ENJOYING listening to a good tune? Here’s an element that’s about to assault your eardrums and put you right off it.
Saxophone solo
‘What a great song,’ you think, bopping around in the kitchen. And then BAM! An awful parping saxophone solo is suddenly abusing your poor ears, ruining otherwise excellent songs like Just The Two of Us by Bill Withers in an instant. At least George Michael had the decency to put the one in Careless Whisper right at the start to save listeners a nasty surprise.
Long intros
Self-indulgent musicians expect you to sit through an age of noodling before they even start singing. The long, miserable 50 seconds of plodding acoustic guitar before Hotel California just serves to make the rest of the dirge even more unbearable. It should have taught the Eagles that ‘fun to play when you’re coked to the eyeballs’ is not the same as ‘fun to listen to’.
Sex noises
When you’re in the car with your parents, the last thing you want on the radio is a song featuring the sounds of simulated shagging. There are plenty of them though, from Madonna’s Justify My Love to Hot in Herre by Nelly. Even the boomers’ favourites Fleetwood Mac, who you’d think you’d be safe with, did it in Big Love. Maybe that’s why your folks like them so much.

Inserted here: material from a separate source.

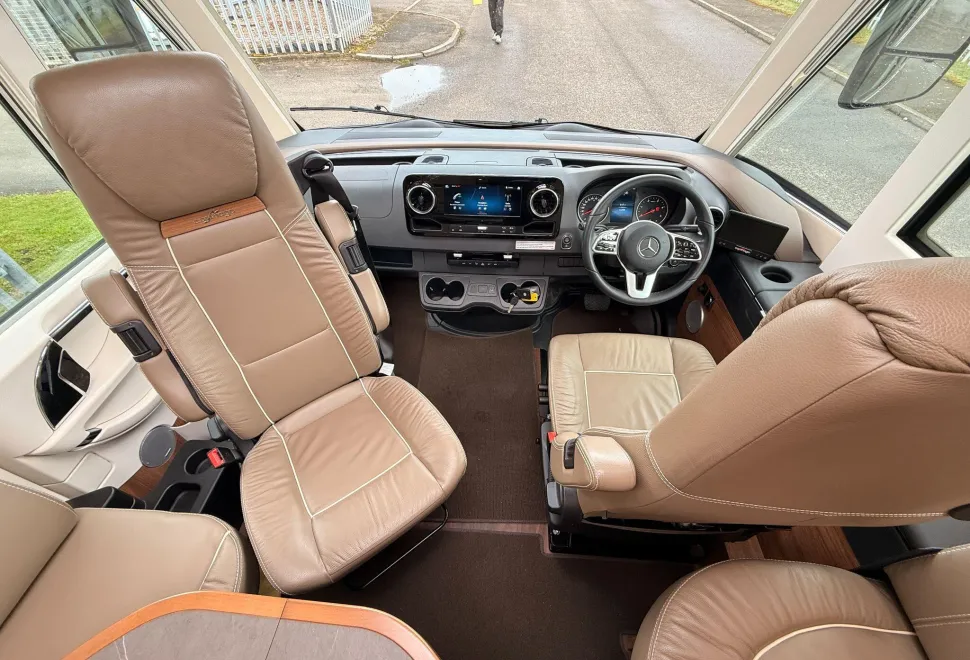 Carthago Motorhomes  Chic e-line I 64 XL QB 2023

You wish they’d stuck to tunes about seabirds.
Too much vocal fry
Ariana Grande, Katy Perry, Rihanna and Enrique Iglesias are all guilty of going hard on the vocal fry, but Britney Spears is the worst offender by far. Barely singing at all, she creaks and rasps her way through her songs in a way that sounds less like a pop chantress and more like a rarely-oiled shed door banging in the wind.
Extraneous rap verse
Written a trite pop song and want to add some urban grittiness? Get a hip-hop star in to do a rap. Unfortunately, having someone ramble over your already-bad song only tends to make it worse, as anyone who has had the misfortune to experience Maroon 5’s Girl Like You featuring Cardi B will confirm.